[Data section Boundary: Start]
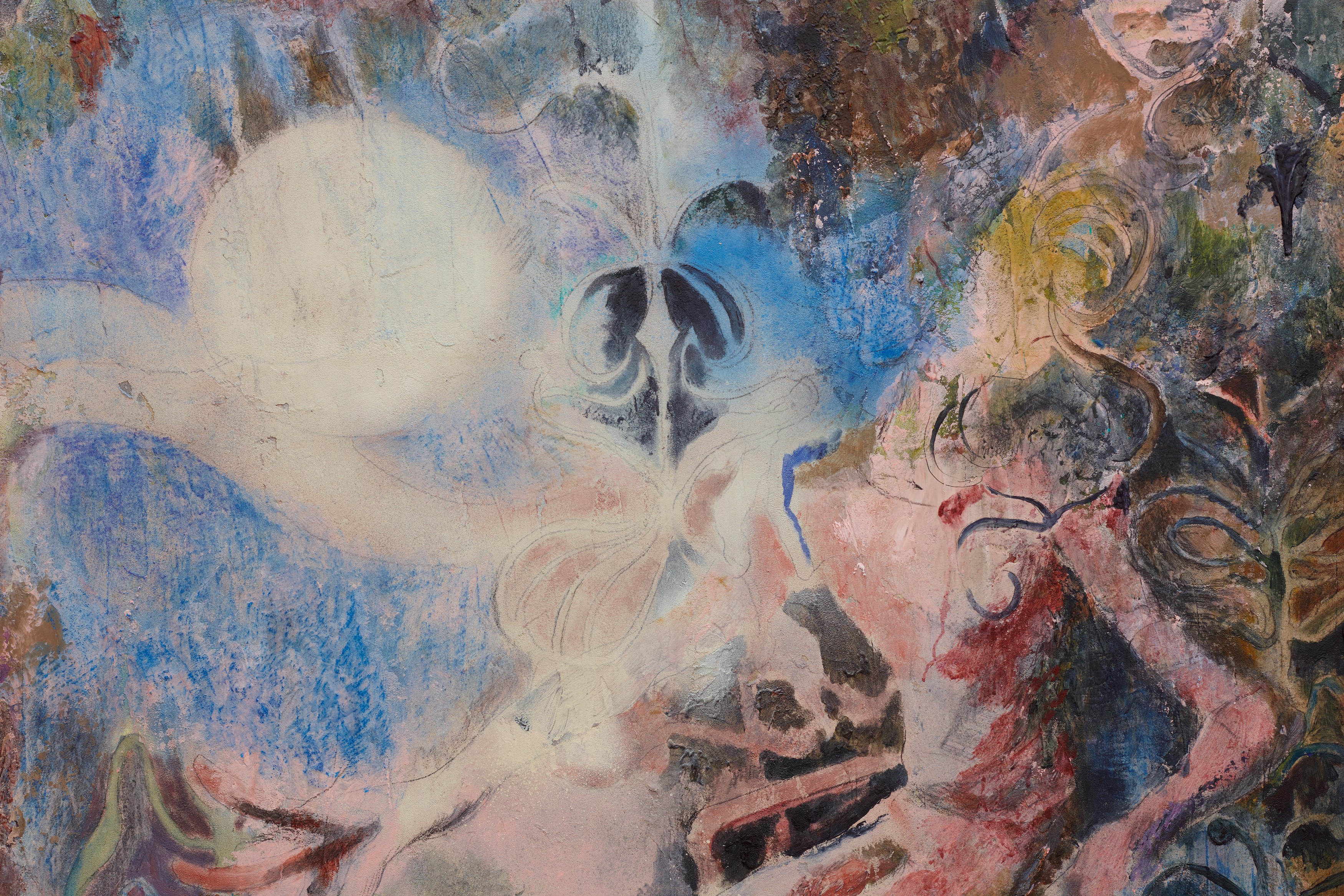 Emi Mizukami, Not Bird, Not Horse, Not Insect at Ehrlich Steinberg, photo 32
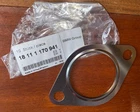 Genuine Mini Cooper Exhaust Muffler Gasket 18111170941 R50 R52 R53 New. Price: $21.75.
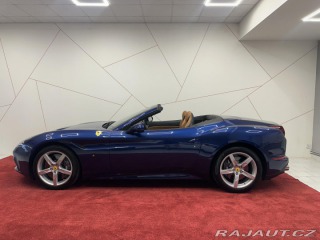 Ferrari California T*TOP KOMBINACE*DPH 2015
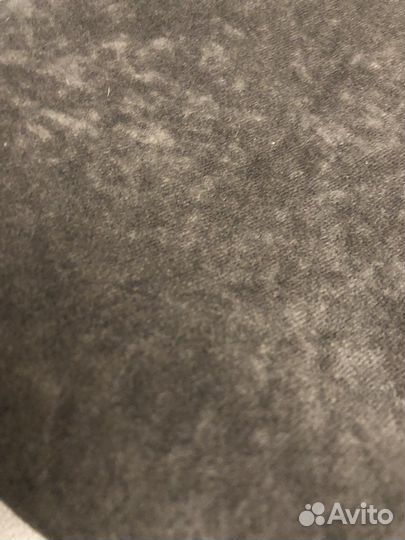 Новые чехлы на подголовники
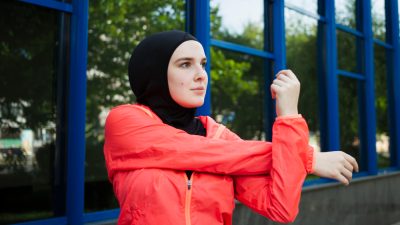 Tuai Kritik, Atlet Prancis Berhijab Dilarang Bertanding di Olimpiade Paris 2024!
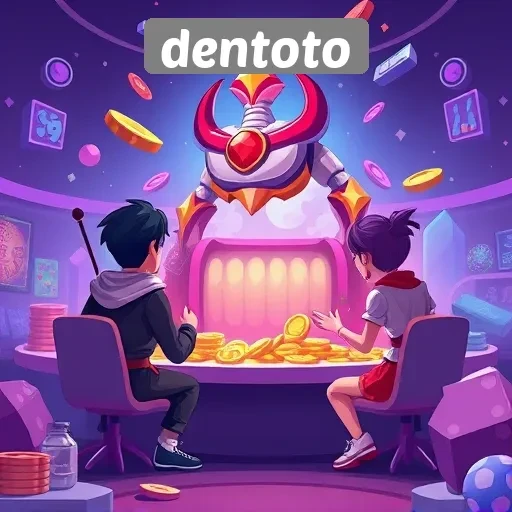 Overview Fitur Menarik yang Ditawarkan oleh Dentoto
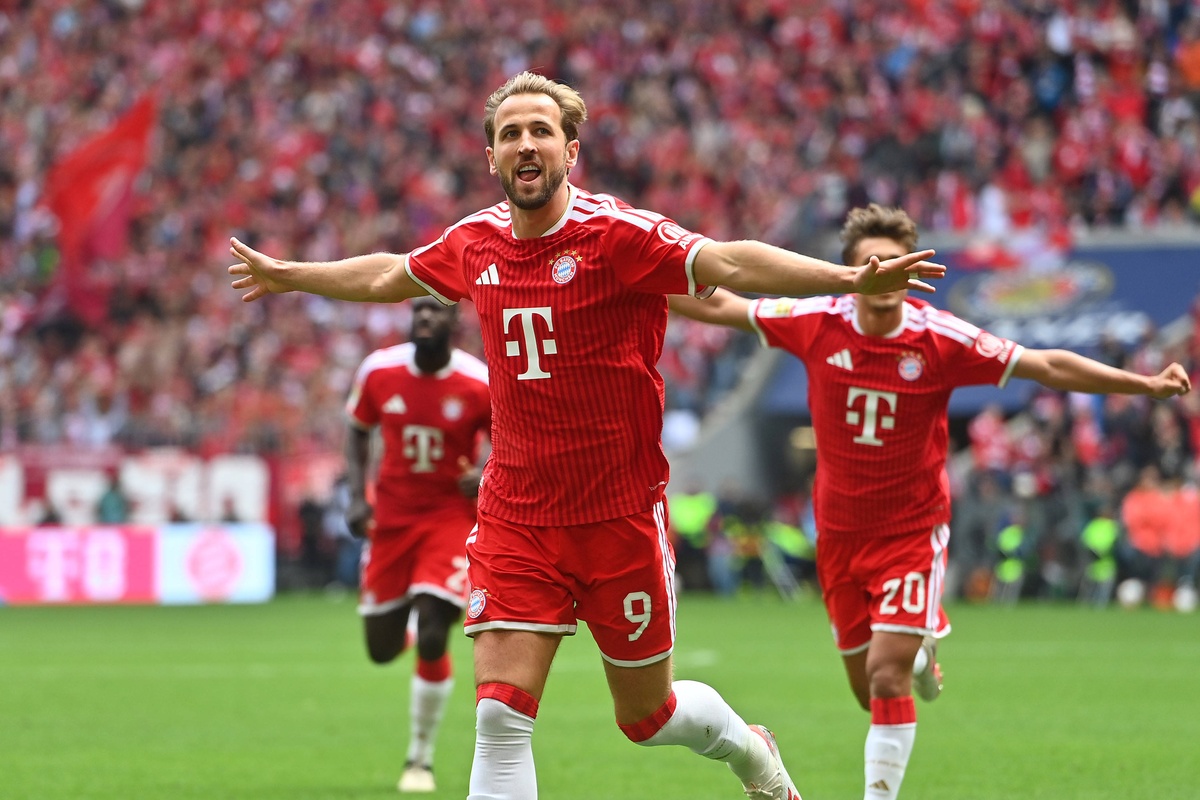 Bayern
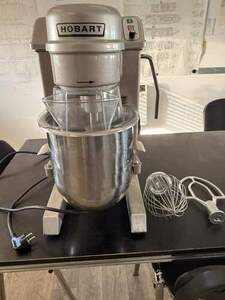Planetenr�hrmaschine Hobart HSM 10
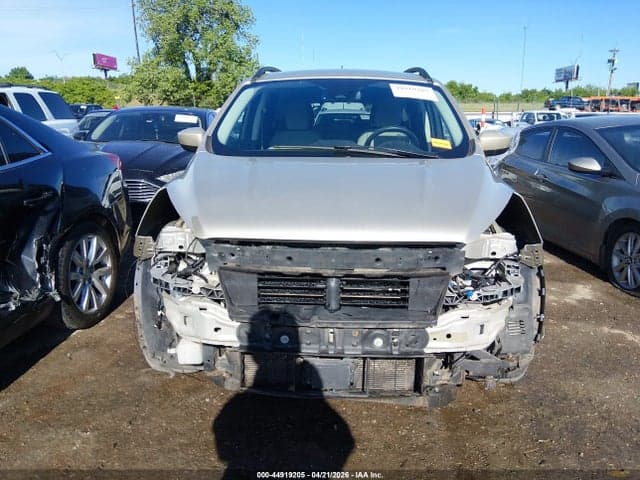 2018 FORD ESCAPE SE 13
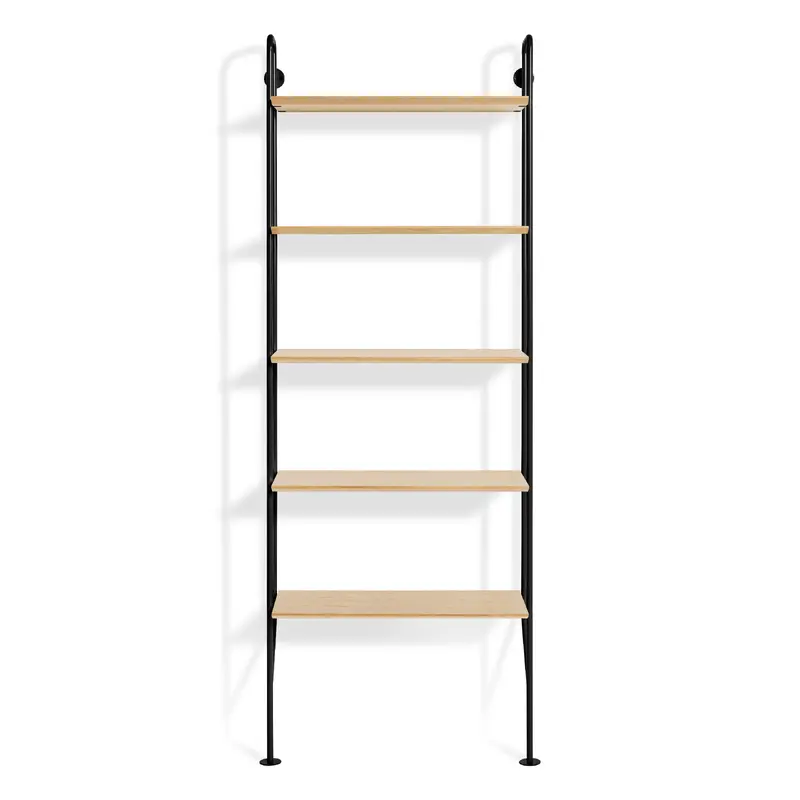 Hitch Bookcase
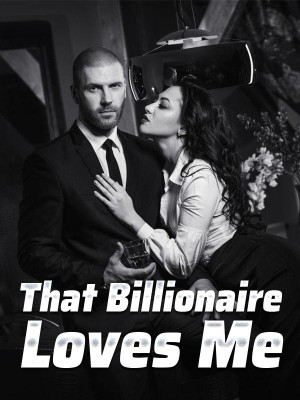That Billionaire Loves Me!,roomiegallery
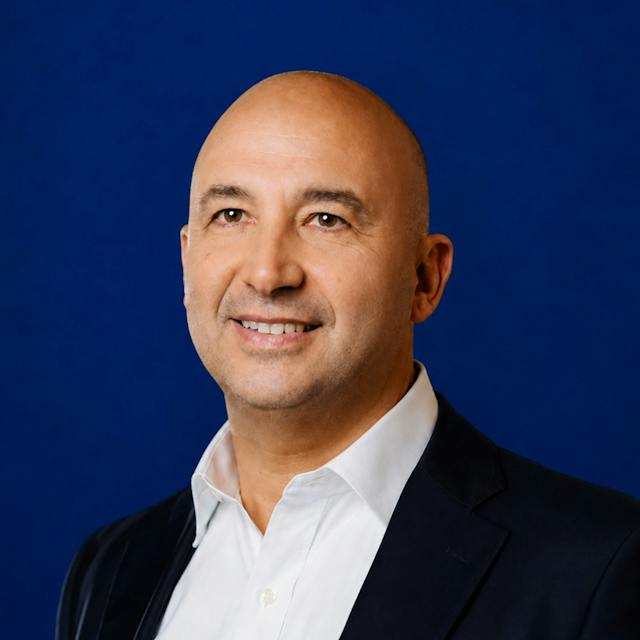Marco Monis
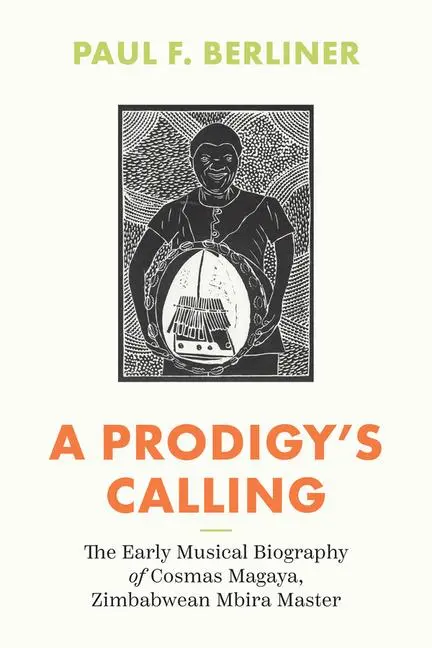 Cover: 9780226835174 | A Prodigy's Calling | Paul F Berliner | Taschenbuch | Englisch | 2024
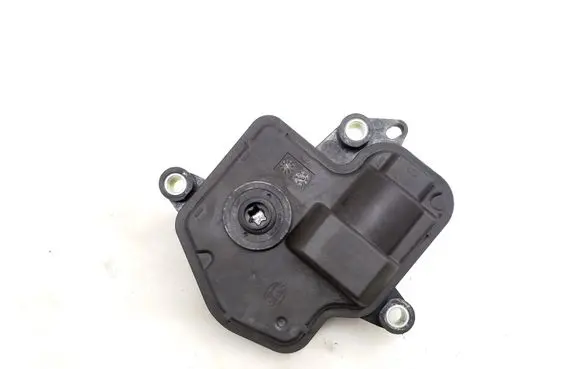 Volkswagen Golf VIII Other control units/modules 05E907593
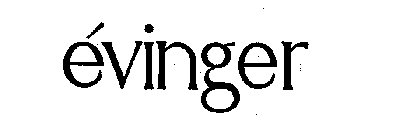 EVINGER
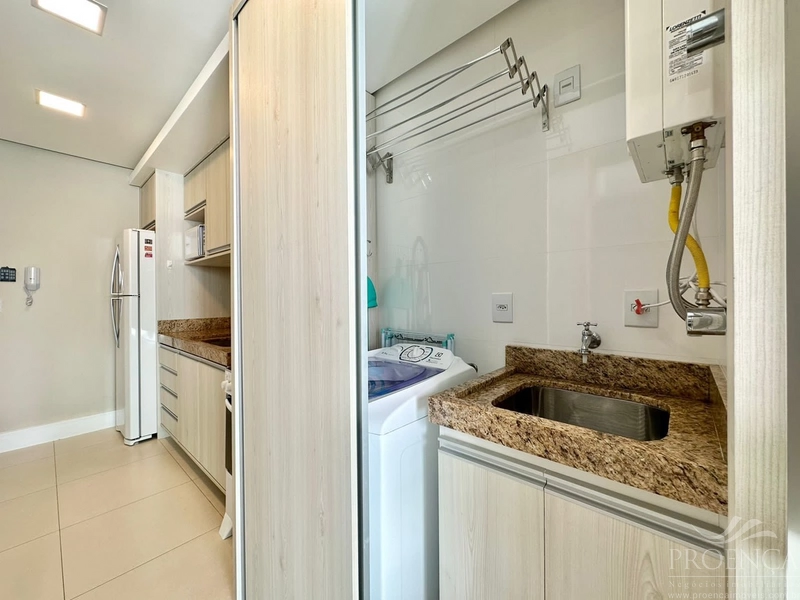 Apartamento 01 dormitório. Navegantes, Capão da Canoa.: 13ª foto da galeria de imagens do imóvel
[Data section Boundary: End]
» Problem to work on: The expected output is every line from the line where "Planetenr�hrmaschine Hobart HSM 10" appears to the final line of the material, unchanged and with no pictures.

» Task result:
Planetenr�hrmaschine Hobart HSM 10
 2018 FORD ESCAPE SE 13
 Hitch Bookcase
That Billionaire Loves Me!,roomiegallery
Marco Monis
 Cover: 9780226835174 | A Prodigy's Calling | Paul F Berliner | Taschenbuch | Englisch | 2024
 Volkswagen Golf VIII Other control units/modules 05E907593
 EVINGER
 Apartamento 01 dormitório. Navegantes, Capão da Canoa.: 13ª foto da galeria de imagens do imóvel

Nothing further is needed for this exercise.